Supplemental Executive Retirement Plan (2007)Full Document 

Start of Preview

TUBE CITY IMS CORPORATION

SUPPLEMENTAL EXECUTIVE RETIREMENT PLAN

In recognition of the valuable services provided to Tube City IMS Corporation (the “Company”) and its affiliates by certain key employees, the Company wishes to provide additional retirement benefits to those individuals whose benefits under the Profit Sharing Plan (as defined herein) are restricted by operation of the provisions of the Internal Revenue Code of 1986, as amended (the “Code”). It is the intent of the Company to provide these benefits under the terms and conditions hereinafter set forth.

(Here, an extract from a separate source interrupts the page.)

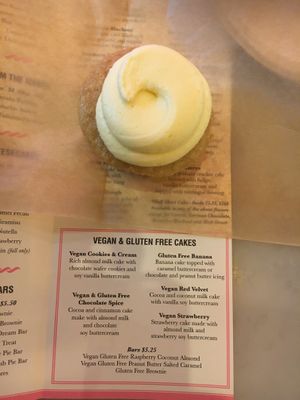 Lemon vegan cupcake, plus menu highlighting vegan items at Little Cupcake Bakeshop in New York City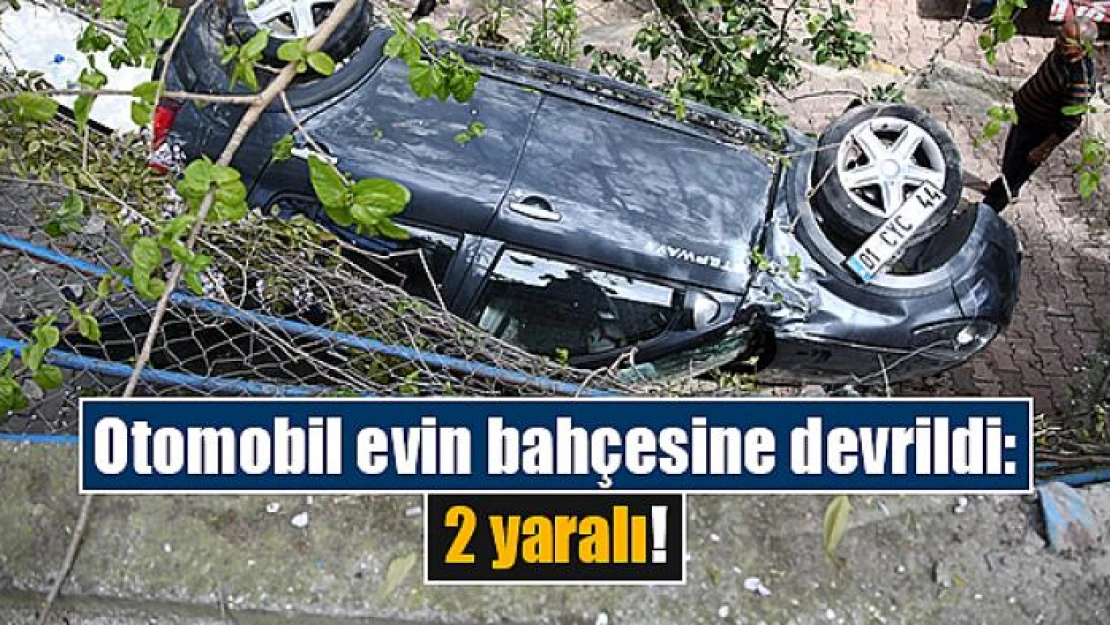 Otomobil evin bahçesine devrildi: 2 yaralı!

This plan was originally established by EnviroSource, Inc. (the former name of the Company) and was named the EnviroSource, Inc. Supplemental Executive Retirement Plan. The Plan is now amended and restated to change the name of the Plan to the Tube City IMS Corporation Supplemental Executive Retirement Plan, make certain changes to the Plan to comply with section 409A of the Code, freeze the Plan as to Participants who are no longer eligible to participate after December 31, 2005 and make other desired changes. The Plan is intended to constitute a top hat plan under section 201(2) of the Employee Retirement Income Security Act of 1974, as amended (“ERISA”), and, as such, to be exempt from all of the provisions of Parts 2, 3, and 4 of Title I of ERISA

ARTICLE 1

Definitions

 

  1.1 “Affiliate” shall mean any company that (i) is included as a member with the Company in a controlled group of corporations, within the meaning of section 414(b) of the Code; (ii) is a trade or business (whether or not incorporated) included with the Company in a group of trades or business under common control, within the meaning of section 414(c) of the Code; or (iii) is required to be aggregated with the Company pursuant to section 414(m) or 414(o) of the Code and regulations thereunder.

 

  1.2 “Beneficiary” means the person(s) designated by a Participant under (a) the Profit Sharing Plan, or (b) if no such designations are made, the Participant’s surviving spouse or, if there is no surviving spouse, his or her estate.

 

  1.3 “Board” means the Board of Directors of Tube City IMS Corporation or any authorized committee thereof.

 

  1.4 “Code” means the Internal Revenue Code of 1986, as amended.

 

  1.5 “Committee” means the committee appointed by the Board to administer the Plan.

 

  1.6 “Company” means Tube City IMS Corporation.

 

  1.7 “Compensation” means “Compensation” as that term is defined under the Profit Sharing Plan, without regard to the dollar limitation imposed under section 401(a)(17) of the Code.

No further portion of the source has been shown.